US 2006/0057060 A1 discloses a method for producing synthesis gas from hydrocarbons comprising: (i) a pre-reforming step; (ii) an oxidative reforming step in a catalytic ceramic membrane reactor equipped with a membrane for oxygen separation from air; (iii) steps of preheating of various process streams. The membrane based separation of oxygen from air allows to use low pressure air as an oxygen source instead of pressurised high purity oxygen which is associated with high costs.
US 2001/0051662 discloses a pre-reformer used in order to reduce the content of higher hydrocarbons in natural gas. The resulting mixture is then converted to a synthesis gas with a 2:1 H2:CO ratio and without significant soot formation in a conventional autothermal reformer. The synthesis gas is further used to produce higher hydrocarbons in a Fischer-Tropsch process.

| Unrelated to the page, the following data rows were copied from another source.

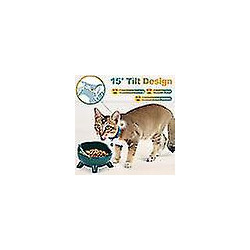 Cat Bowl Ceramic Raised Bowl For Cat/puppy, Angled Orthopedic Bowl For Adult Cat/kitten For Food 1pc Cat Bowl Ceramic Raised Bowl For Cat/puppy, Angled Orthopedic Bowl For Adult Cat/kitten For Food 1pc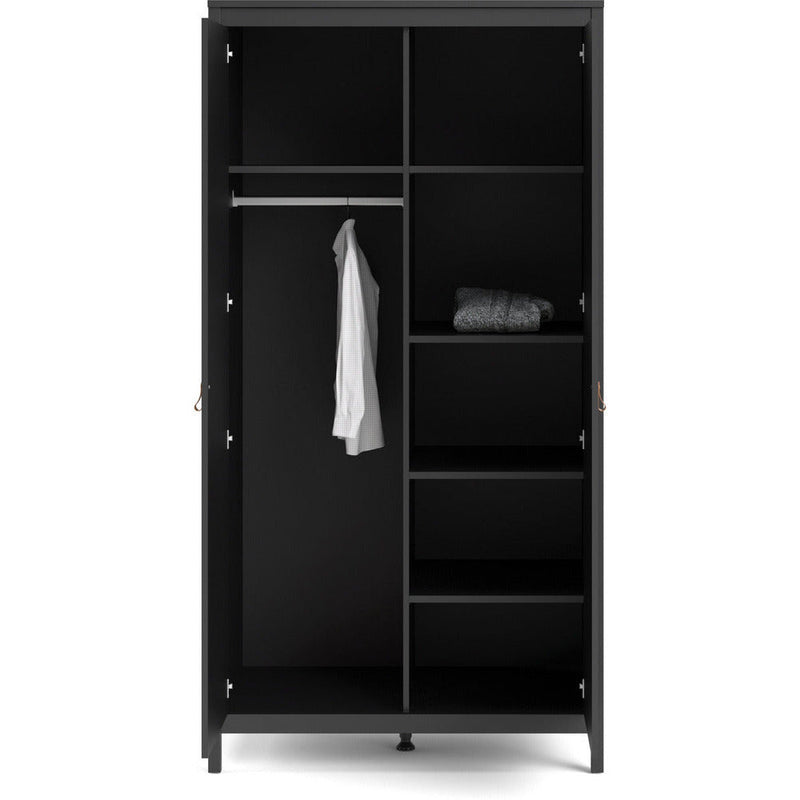 Benjamin Black Wardrobe With 2 Doors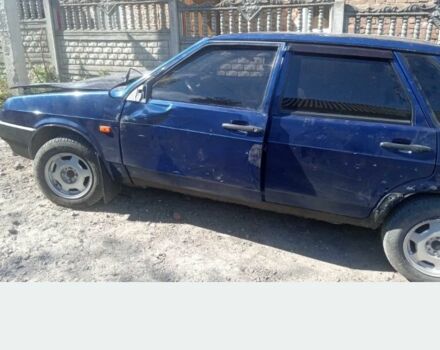 Синий ВАЗ 21099, объемом двигателя 0 л и пробегом 150 тыс. км за 330 $, фото 4 на Automoto.ua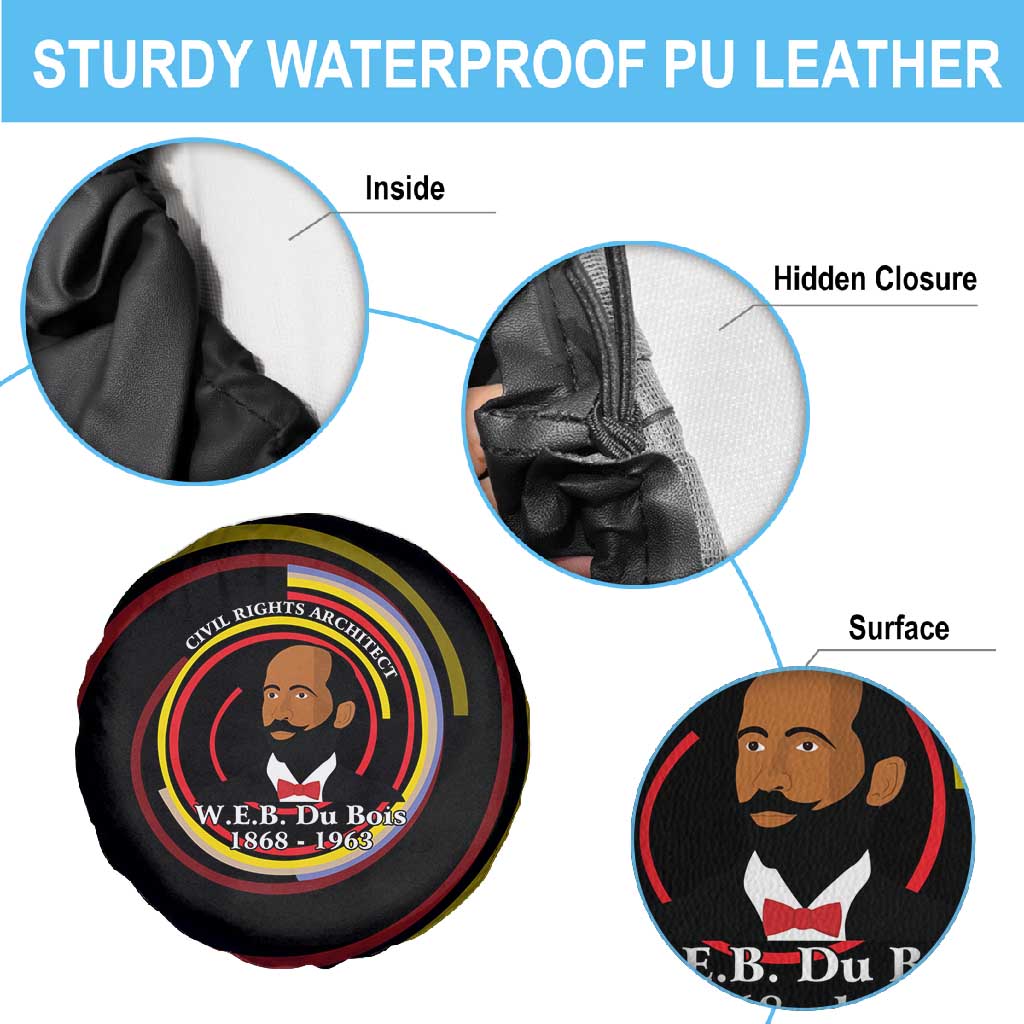 W.E.B. Du Bois Civil Rights Architect Spare Tire Cover Niagara Movement - NAACP Tribute Design - African Pride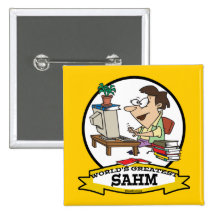 WORLDS GREATEST SAHM WOMEN II CARTOON PINS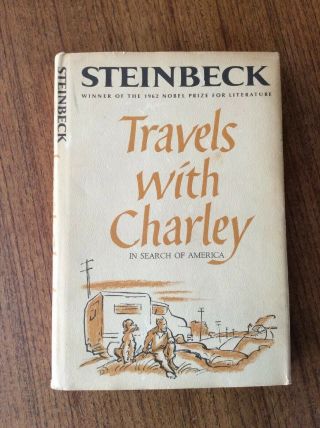 Travels With Charlie In Search Of America By John Steinbeck 1963 Hb Dj Vg/a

Despite all that is known, the main drawbacks of the existing technology are (i) a higher reaction temperature to be employed to obtain a sustainable hydrocarbon conversion while affecting the selectivity to hydrogen and carbon monoxide; (ii) the presence of a burner combustion zone where carbon formation may occur.
Therefore it is desired to provide a process for the catalytic conversion of hydrocarbon feedstock with a high degree of feed flexibility and decreased soot formation, which at the same time provides an increase of the thermal efficiency of the overall process and hydrogen production and also a reduction in plant size due to the absence of burners for the catalytic conversion reaction.